This project was implemented in R and executed by applying KNN algorithm with recognition accuracy of around 90-95%. The aim of this project is to implement a classification algorithm to recognize handwritten digits (0‐9). The desired results have been obtained by training the machine first using the Mnist_Train Data-set and later testing the obtained results using Mnist_Test Data-set , to recognise the handwritten digit.
The task of handwritten digit recognition, using a classifier, has great importance and use such as – online handwriting recognition on computer tablets, recognize zip codes on mail for postal mail sorting, processing bank check amounts, etc. There are different challenges faced while attempting to solve this problem. The handwritten digits are not always of the same size, thickness, or orientation and position relative to the margins. My goal was to implement a pattern classification method to recognize the handwritten digits provided in the MINIST data set of images of hand written digits (0‐9). Finally the uniqueness and variety in the handwriting of different individuals also influences the formation and appearance of the digits.
->Sample digits used for training the classifier->Given a (NxN) greyscale image Print_Digit Function can used to find the Image Label & Pixels
Given a set of greyscale isolated numerical images taken from MNIST database.
The objectives are:-
->To recognize handwritten digits correctly.
->To improve the accuracy of detection.
->To develop a method which is independent of digit size and writer style/ink independent.

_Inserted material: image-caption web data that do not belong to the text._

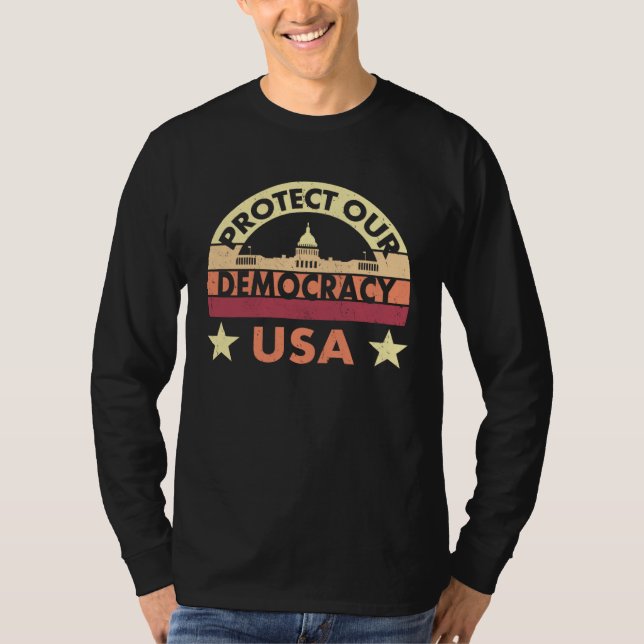 Election CyberSecurity Now Protect Our Democracy T Shirt (Framsida)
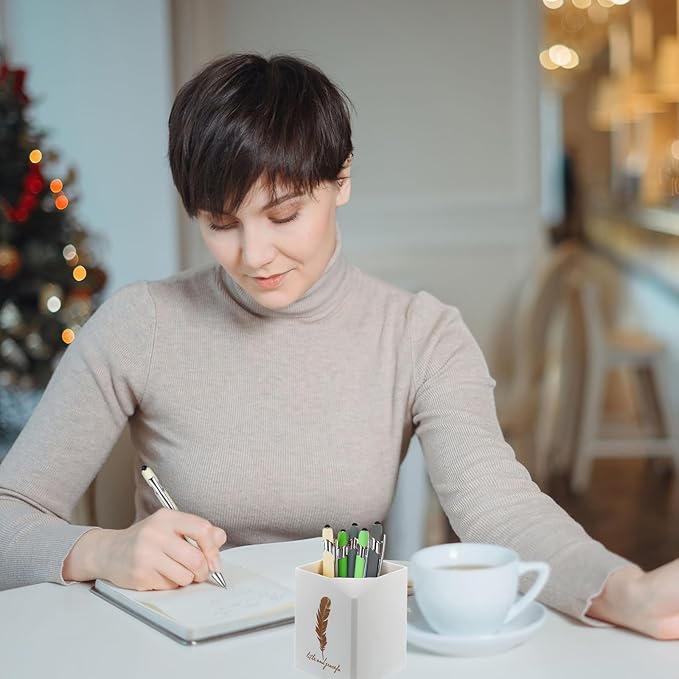 Zonon 38 Pieces Rubberized Ballpoint Pen with Stylus Tip Stylish Metal Pen Capactive Styli with Soft Rubberized Grip, Black Ink for Most Devices(Charming Colors)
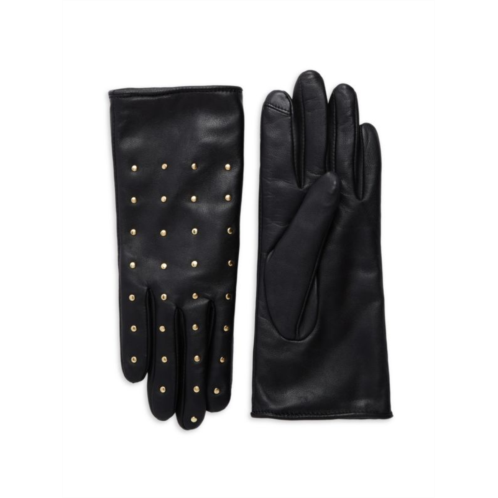 Saks Fifth Avenue Studded Faux Fur-Lined Leather Gloves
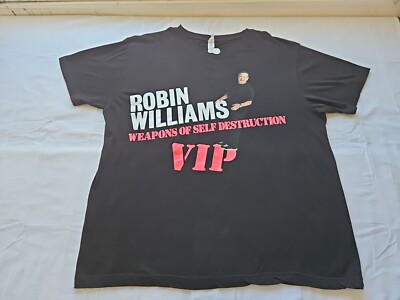 Vintage Robin Williams VIP Comedy Tour T-Shirt Black Rare Adult XL 23.5×28 Y2k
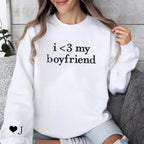 Embroidered "i love my girl/boyfriend" hoodie for couples,Personalized Couples Gifts.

K-Nearest Neighbors is a simple classification algorithm that is surprisingly effective. However, to work well, it requires a training dataset: a set of data points where each point is labelled. If we set K to 1, then we can classify a new data point by looking at all the points in the training data set, and choosing the label of the point that is nearest to the new point. If we use higher values of K, then we look at the K nearest points, and choose the most frequent label amongst those points.
The MNIST used here is in CSV format. The MNIST handwritten digit classification problem is a standard dataset used in computer vision and deep learning. Although, the dataset is effectively solved, it can be used as the basis for learning and practicing how to develop, evaluate, and use convolutional deep learning neural networks for image classification from scratch. This includes how to develop a robust test harness for estimating the performance of the model, how to explore improvements to the model, and how to save the model and later load it to make predictions on new data.
The overall classification design of the MNIST digit database is shown in following algorithm. Algorithm: Classification of Digits Input: Isolated Numeral images from MNIST Database Output: Recognition of the Numerals Method: Structural features and KNN classifier.
Step 1: Preprocessing the Image
Step 2: Keep the label of each Array along with it.
Step 3: Feed the classifier with the train_data set.
Step 4: Repeat the steps from 1 to 3 for all images in the Test Database.
Step 5: Estimate the minimum distance between feature vector and vector stored in the library by using Euclidian distances.
Step 6: Feed the classifier with test_data set.
Step 7: Classify the input images into appropriate class label using minimum distance K-nearest neighbor classifier.
Step 8: End.